- Your instructions
When you reach the line with "Golden bear charm" in the listing below, transcribe it and each line after it up to and including the line with "Autumn Winter Fashion", exactly and with nothing else.

- Data for this exercise
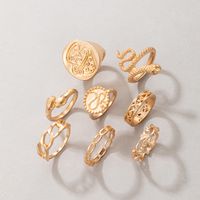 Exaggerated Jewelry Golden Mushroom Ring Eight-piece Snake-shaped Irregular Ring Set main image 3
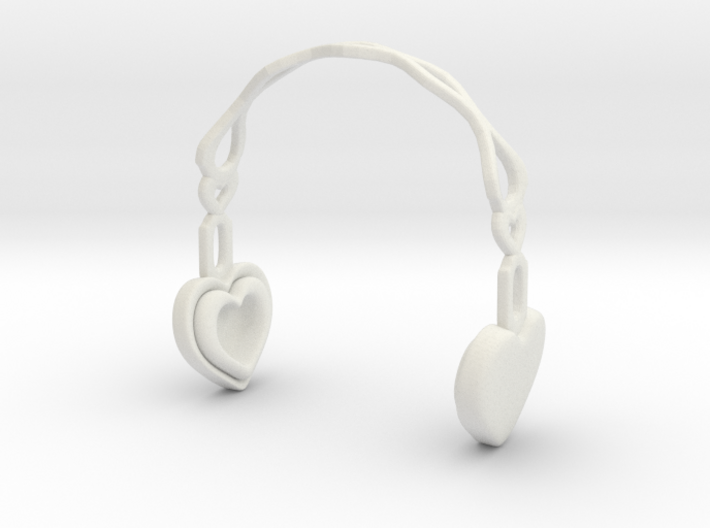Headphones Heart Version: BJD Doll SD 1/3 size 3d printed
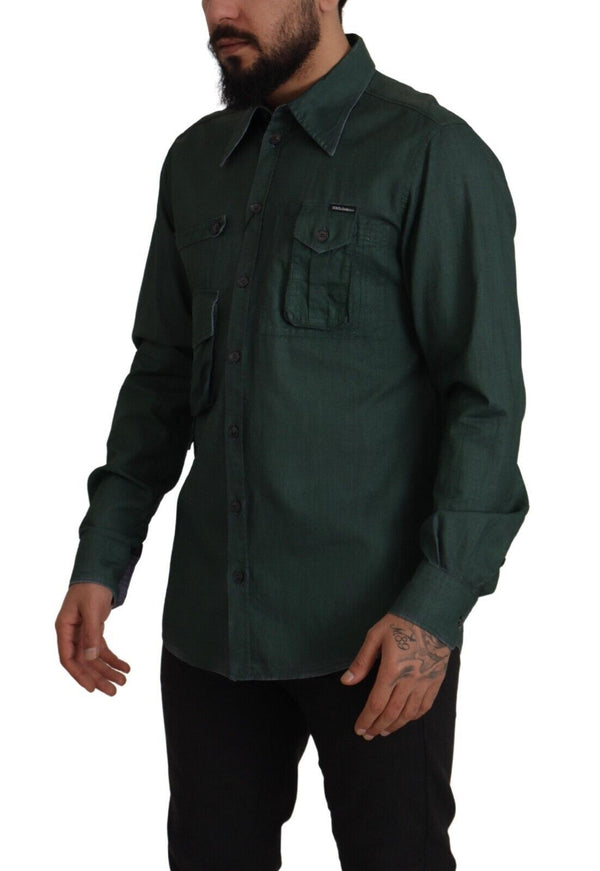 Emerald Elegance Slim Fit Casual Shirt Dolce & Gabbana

---

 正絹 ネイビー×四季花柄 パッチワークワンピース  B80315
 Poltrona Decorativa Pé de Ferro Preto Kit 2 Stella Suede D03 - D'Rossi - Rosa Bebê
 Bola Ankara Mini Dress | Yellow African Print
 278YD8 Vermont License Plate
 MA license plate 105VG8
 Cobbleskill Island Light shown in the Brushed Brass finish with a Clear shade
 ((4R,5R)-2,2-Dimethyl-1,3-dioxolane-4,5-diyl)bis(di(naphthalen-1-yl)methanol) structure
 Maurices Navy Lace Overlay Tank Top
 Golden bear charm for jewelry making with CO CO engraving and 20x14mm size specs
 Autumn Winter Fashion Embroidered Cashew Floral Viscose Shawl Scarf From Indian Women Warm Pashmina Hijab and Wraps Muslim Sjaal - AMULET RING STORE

- Answer to this exercise
 Golden bear charm for jewelry making with CO CO engraving and 20x14mm size specs
 Autumn Winter Fashion Embroidered Cashew Floral Viscose Shawl Scarf From Indian Women Warm Pashmina Hijab and Wraps Muslim Sjaal - AMULET RING STORE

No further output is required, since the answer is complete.